Don’t let the new year be ruined by U.S. class actions, regulatory enforcement actions, or competitor claims. Here are five ad law takeaways for brand and legal teams to consider as 2019 approaches.

  1. Watch out for more challenges to price, discount, and subscription advertising. With over 100 class actions filed in the last few years alleging false or misleading price or discount advertising, these cases will likely continue into 2019, especially in California. Retailers should make sure that their price, sale, and discount advertising programs comply with applicable state, federal, and local pricing and truth-in-advertising laws. And don’t forget to comply with state and federal laws that govern recurring, subscription-based billing programs, including the federal Restore Online Shoppers Confidence Act, California’s strict disclosure and consent requirements, Vermont’s new double-opt in requirement for certain subscription programs, and more.

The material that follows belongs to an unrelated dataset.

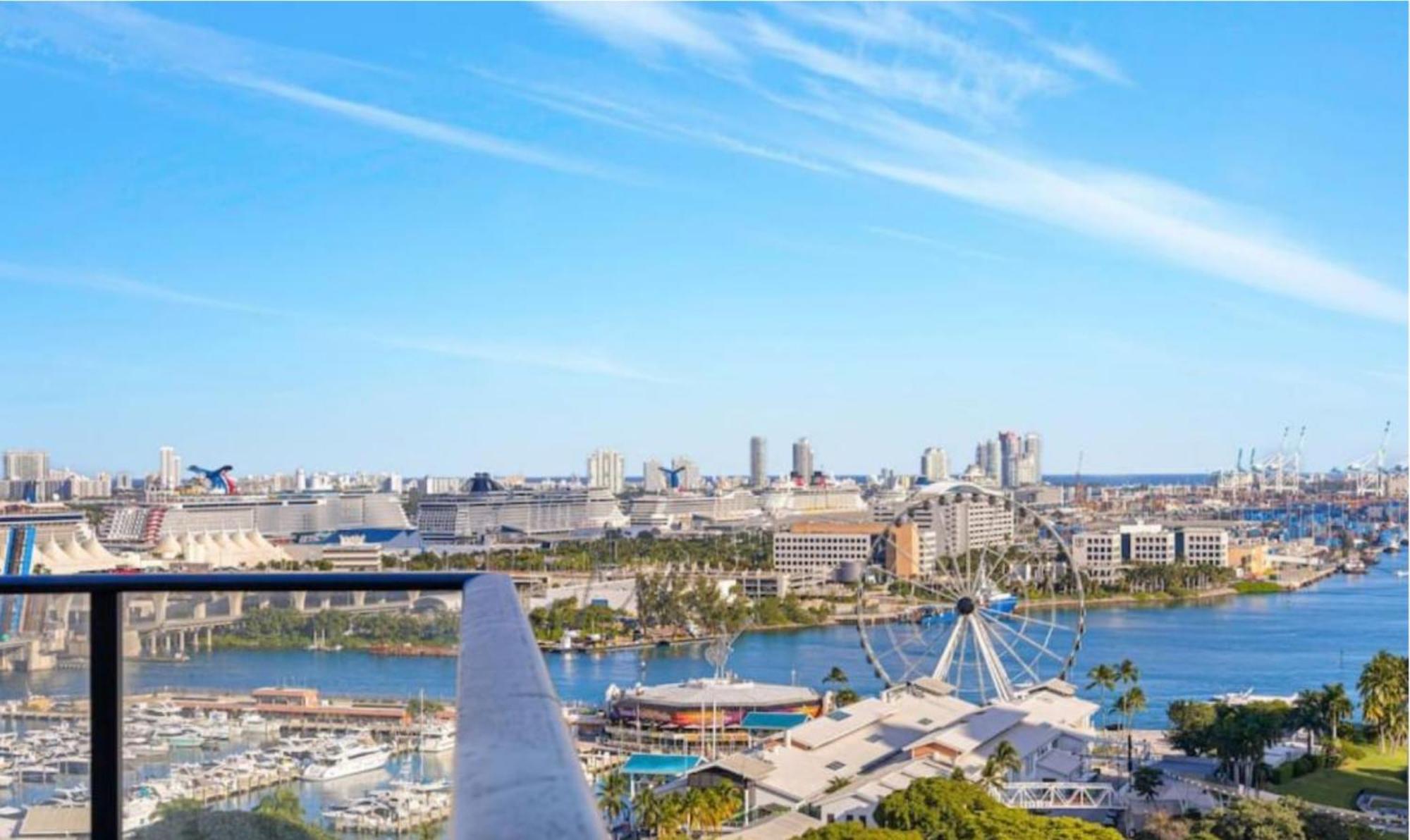 Mesmerizing Views Corner Condo マイアミ エクステリア 写真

  2. Establish a sensible influencer compliance program. The popularity of influencers has skyrocketed over the past few years, and advertisers should have a sensible compliance program to manage these relationships and address Federal Trade Commission (FTC) truth-in-advertising requirements for influencers. Also, the practice of using computer-generated image (CGI) or robot influencers is becoming more common. While the FTC has not yet provided express guidance on CGI influencers, this tactic is subject to FTC requirements for endorsements, and an FTC spokesperson stated that posts from CGI influencers “should be identifiable as advertising.” Further, additional disclosure may be required to ensure that consumers are not misled by this form of influencer advertising, in part because a robot controlled by a company presumably cannot (currently at least) have an opinion.

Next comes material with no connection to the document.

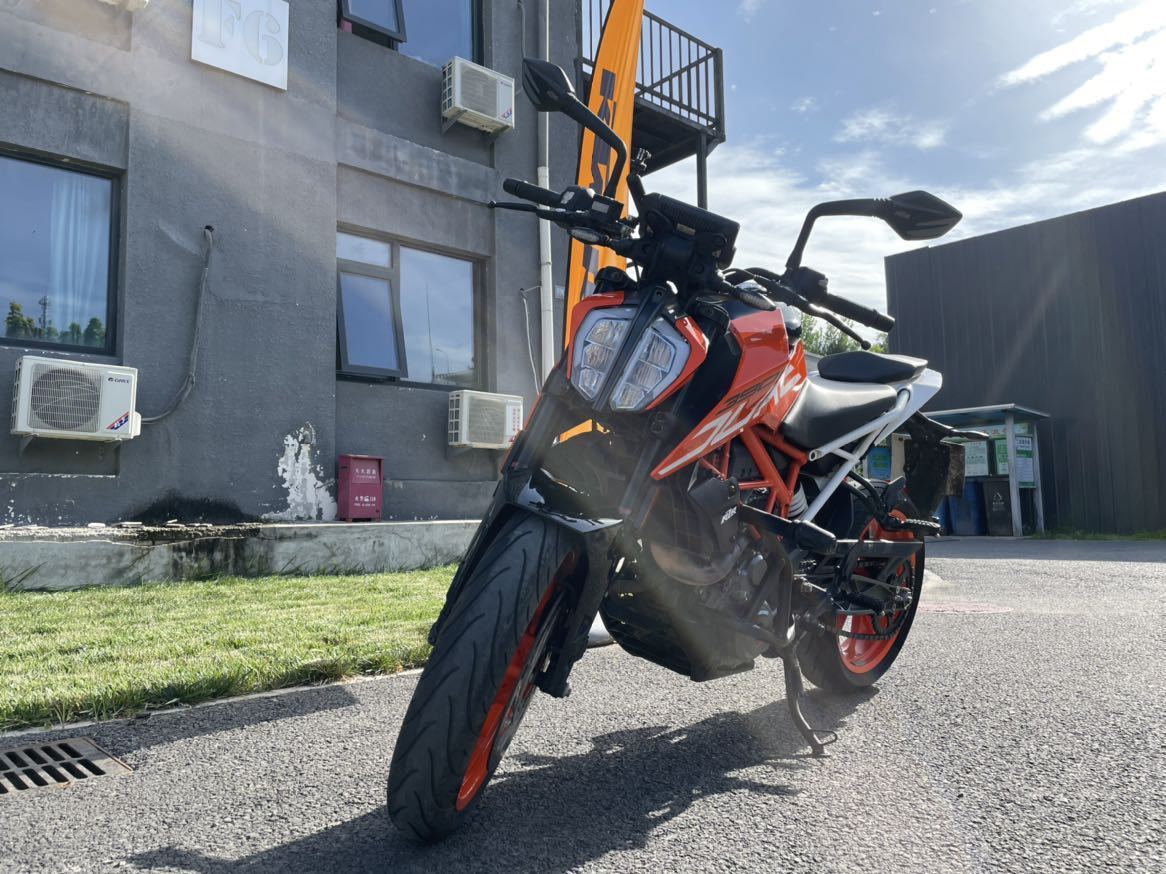 二手摩托车ktmr2r 390 duke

  3. Use strong morals clauses. Advertisers engaging celebrities, athletes, and other talent as endorsers or spokespersons should ensure the contract’s morals clause is broad enough to permit termination of the relationship for controversies that may arise, including allegations of past wrongdoing that could harm the brand (e.g., #metoo-related allegations).     
  4. Don’t discourage honest consumer reviews. Beyond the FTC’s truth-in-advertising requirements for endorsers and influencers, the Consumer Review Fairness Act (CRFA) prohibits brands from establishing terms that (a) restrict honest reviews about the brand’s products, services, or conduct; (b) impose a penalty or fee on someone who gives a review; or (c) require people to give up intellectual property rights in the content of their reviews. The FTC brought its first enforcement action under the CRFA this year, and more enforcements are likely moving forward. Brands should make sure that their policies and terms of use comply with the CRFA, and that their review programs comply with the FTC’s requirements for endorsements. 

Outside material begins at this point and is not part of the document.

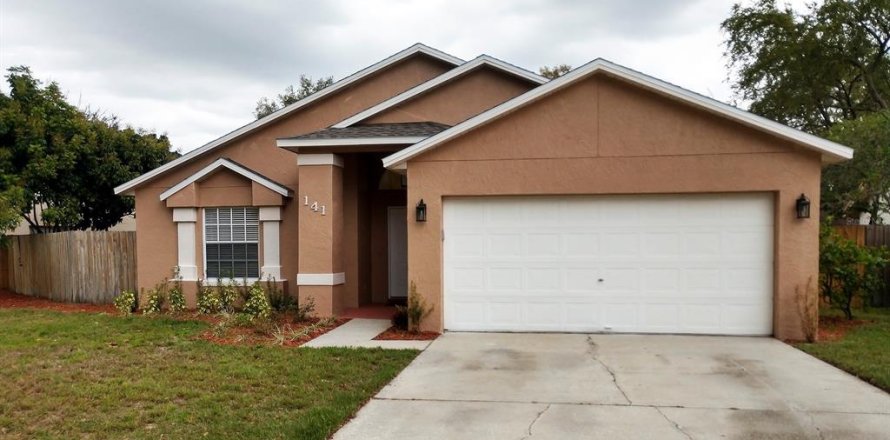 Casa en Lake Mary, Florida 3 dormitorios, 124.21 m2 № 1912786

  5. The new FTC leadership may seek increased monetary relief in future enforcement actions. The FTC, now led by a new slate of commissioners, may place more emphasis on monetary remedies, and, where necessary to achieve that goal, work closely with other agencies such as the Consumer Financial Protection Bureau. For example, a senior attorney and speaker from the FTC recently noted at a national marketing law conference that the days of the FTC only seeking injunctive relief and monitoring may be ending, and the agency may be more likely to seek monetary remedies moving forward. This would be a major shift for the agency. Brands should take note and consult with knowledgeable marketing and consumer protection law counsel to ensure that they have their advertising compliance programs in order.